### Task instructions
Print out each entry without alteration, and keep the pictures out.

### Image-text web data
====

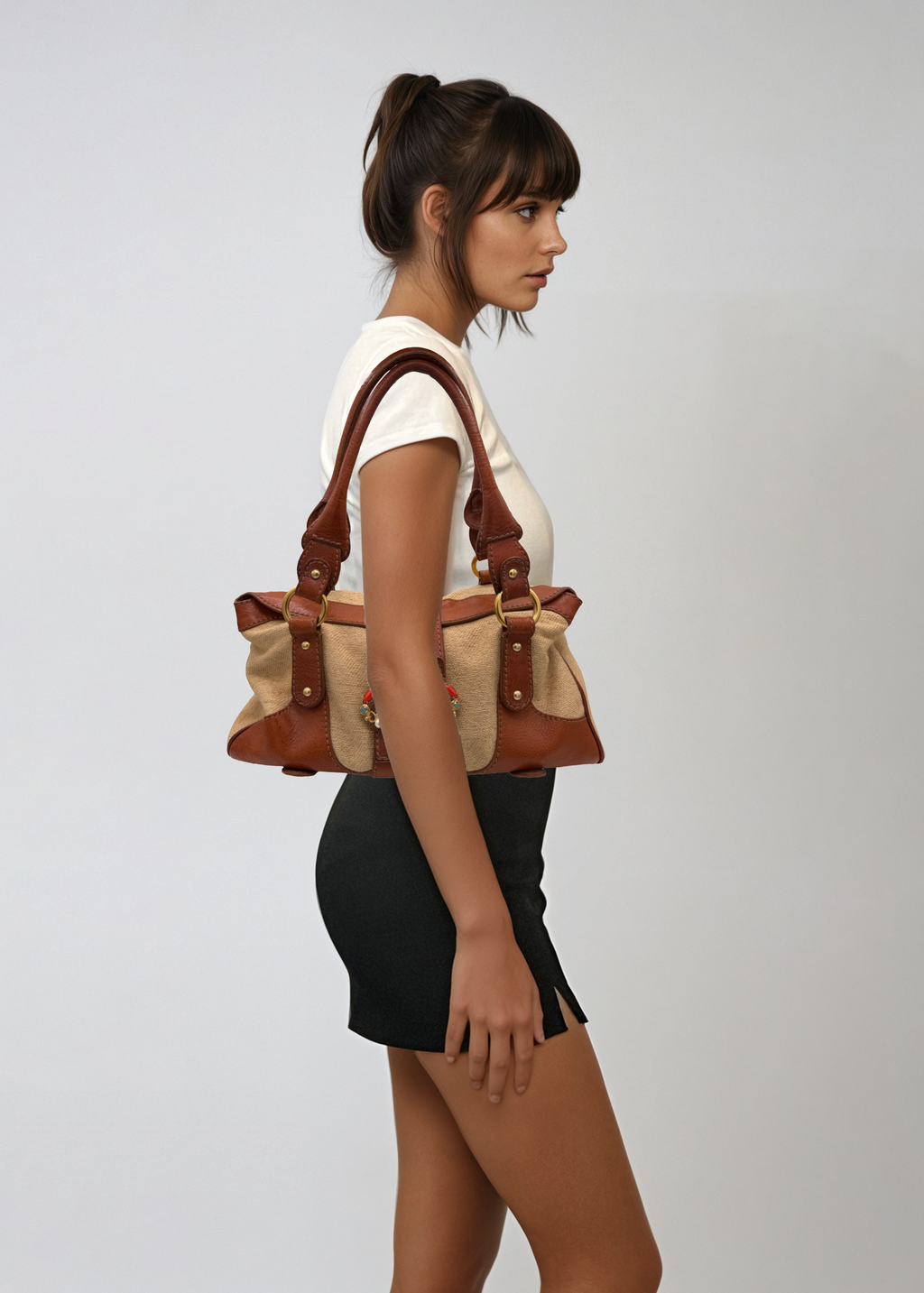 Valentino Tan Leather and Raffia Handbag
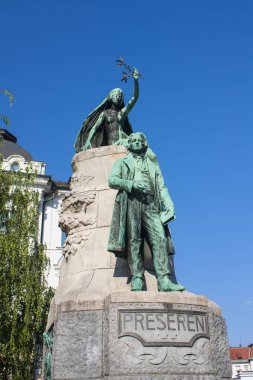 Slovenya, Ljubljana - 19 Haziran 2018: Slovence ulusal şairi France Preseren Ljubljana, Anıt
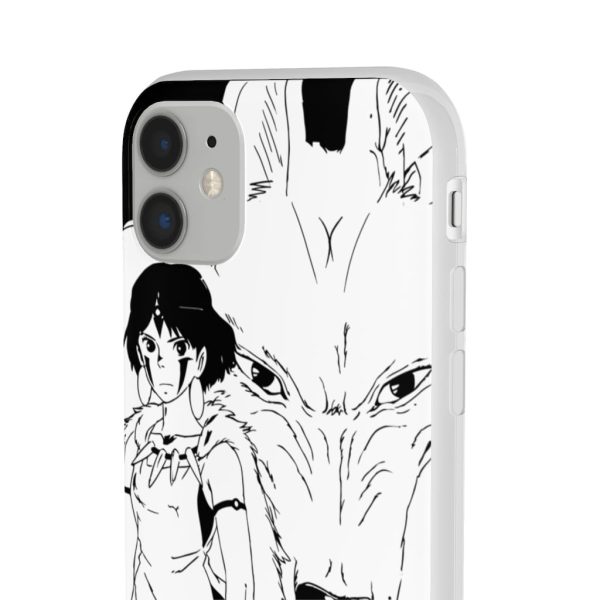 Princess Mononoke In Theaters - Princess Mononoke Black & White iPhone Cases-Phone Case, princess mononoke, Princess Mononoke In Theaters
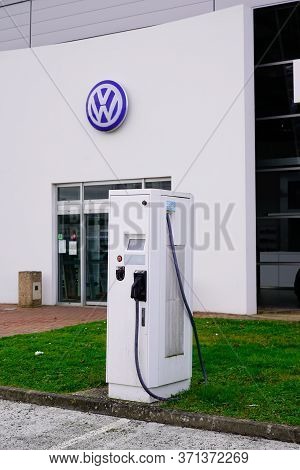 Bordeaux , Aquitaine / France - 02 01 2020 : Volkswagen Electric Car Dealership Public Charging Stat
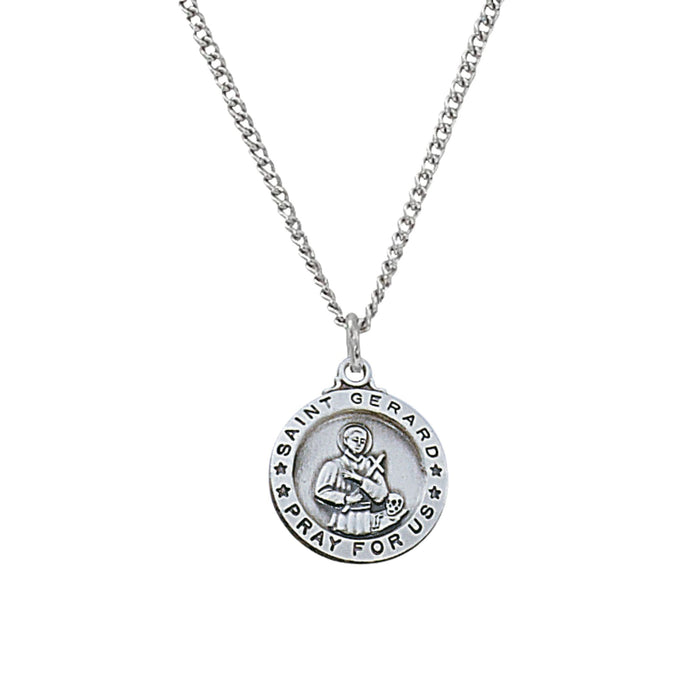 St Gerard Medal Sterling Silver on 18" Chain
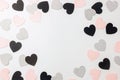 Valentines Day border of colorful paper hearts Royalty Free Stock Photo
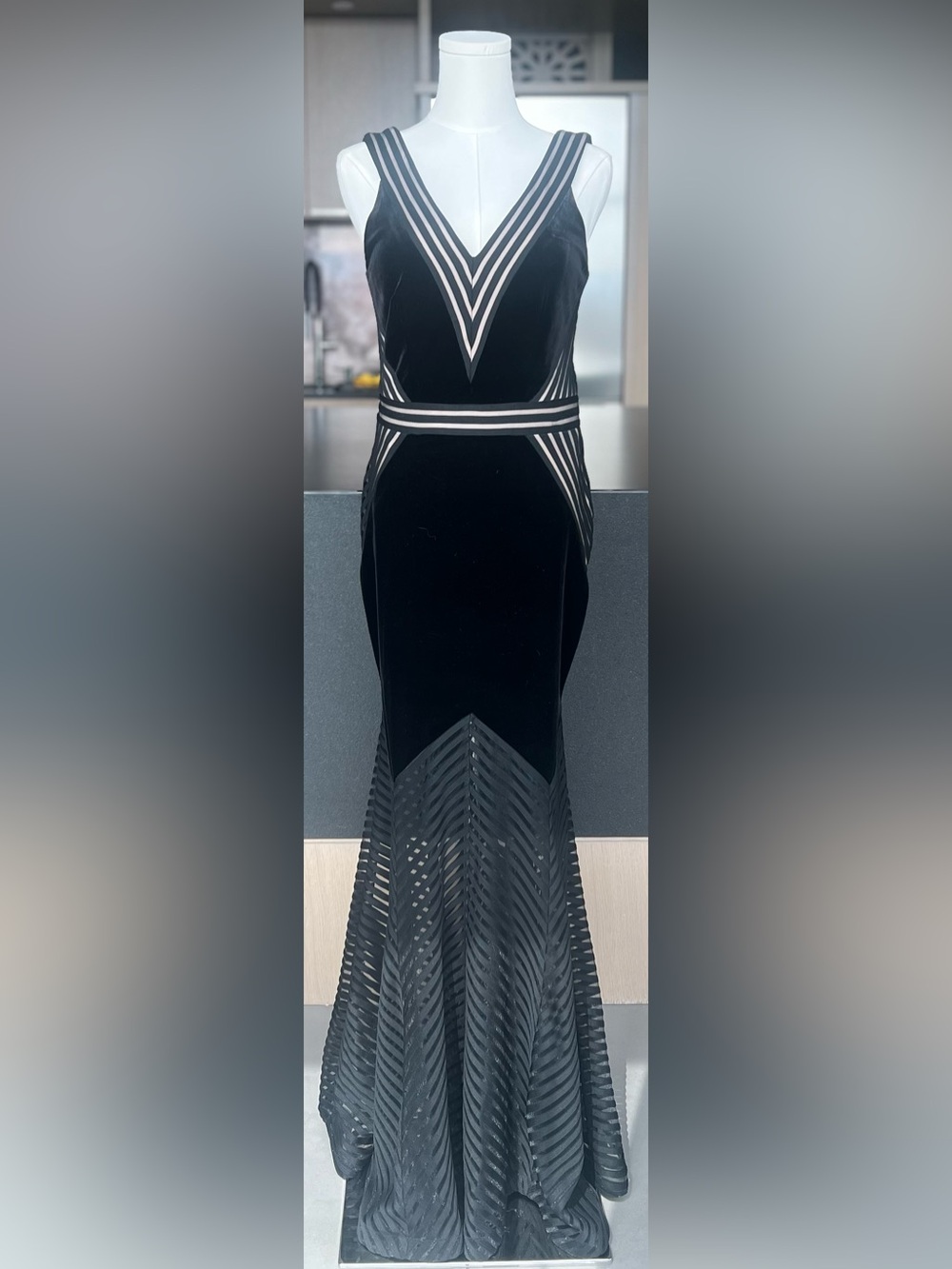 Xscape Black Maxi Dress with Sheer Chevron Stripes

====

### Solution
 Valentino Tan Leather and Raffia Handbag
 Slovenya, Ljubljana - 19 Haziran 2018: Slovence ulusal şairi France Preseren Ljubljana, Anıt
 Princess Mononoke In Theaters - Princess Mononoke Black & White iPhone Cases-Phone Case, princess mononoke, Princess Mononoke In Theaters
 Bordeaux , Aquitaine / France - 02 01 2020 : Volkswagen Electric Car Dealership Public Charging Stat
 St Gerard Medal Sterling Silver on 18" Chain
 Valentines Day border of colorful paper hearts Royalty Free Stock Photo
 Xscape Black Maxi Dress with Sheer Chevron Stripes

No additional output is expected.